» WHAT THE TASK ASKS: Lines from the one containing "Cameron Twill Cap, Red Scattered Bunnies" through the end of the material are to be retyped exactly; do not copy pictures.

(Beginning of DATA SEGMENT)

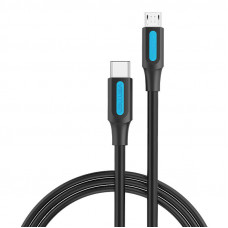 Kabelis no USB-C 2.0 uz Micro USB Vention COVBF 2A 1 m melns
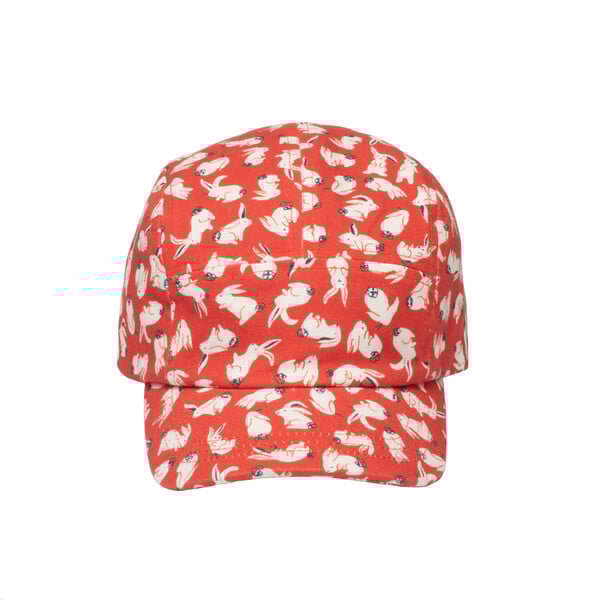 Cameron Twill Cap, Red Scattered Bunnies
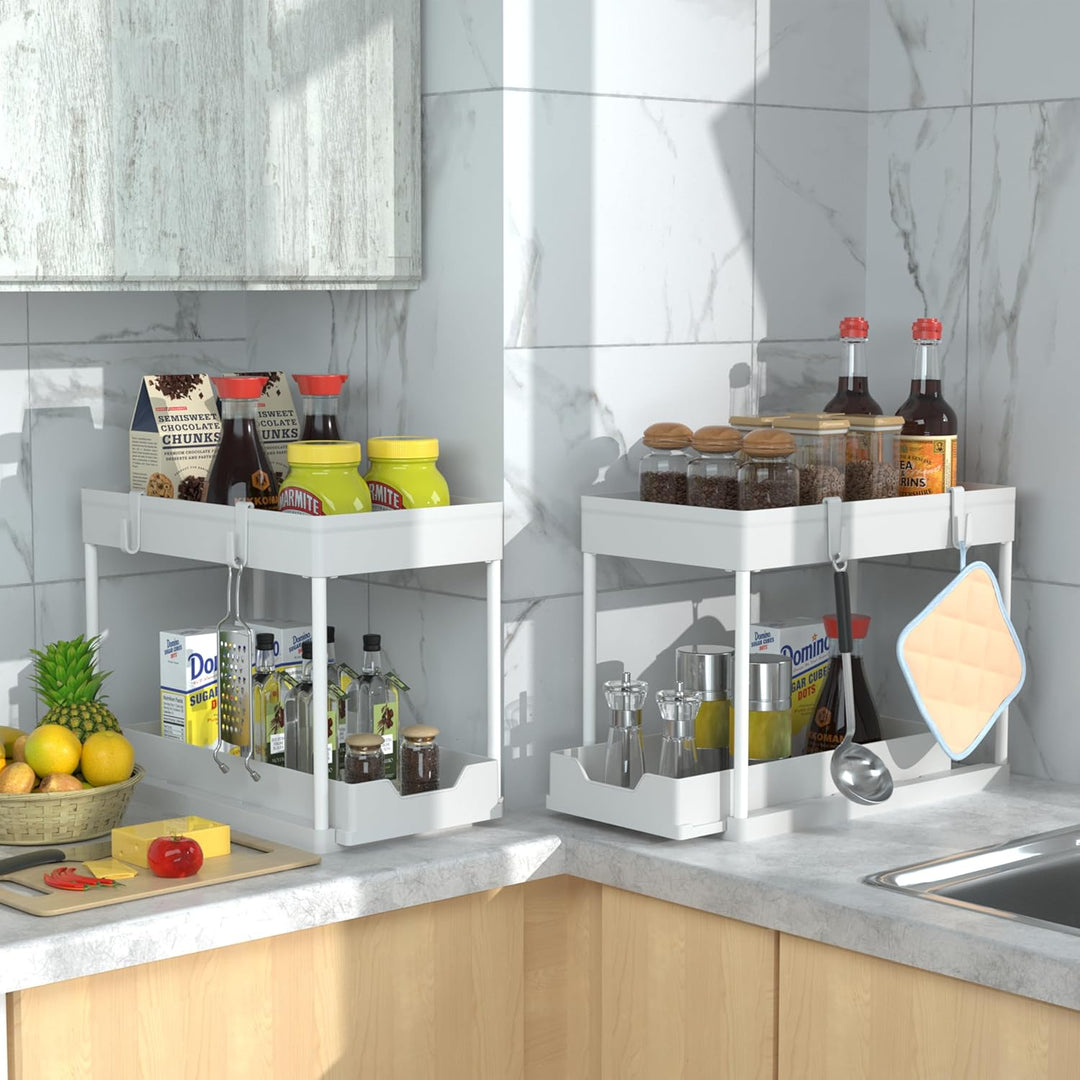 DEKAVA Küchen Organizer, 2 Unter Waschbecken Regal, Schrank Küchenorganizer mit 4 Haken, Schrankkorb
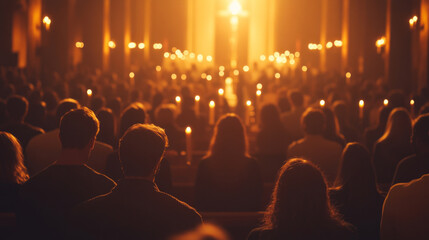 Congregation bowing in solemn reverence during candlelight service in a historic church setting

(End of DATA SEGMENT)

» RESPONSE BELOW:
 Cameron Twill Cap, Red Scattered Bunnies
 DEKAVA Küchen Organizer, 2 Unter Waschbecken Regal, Schrank Küchenorganizer mit 4 Haken, Schrankkorb
 Congregation bowing in solemn reverence during candlelight service in a historic church setting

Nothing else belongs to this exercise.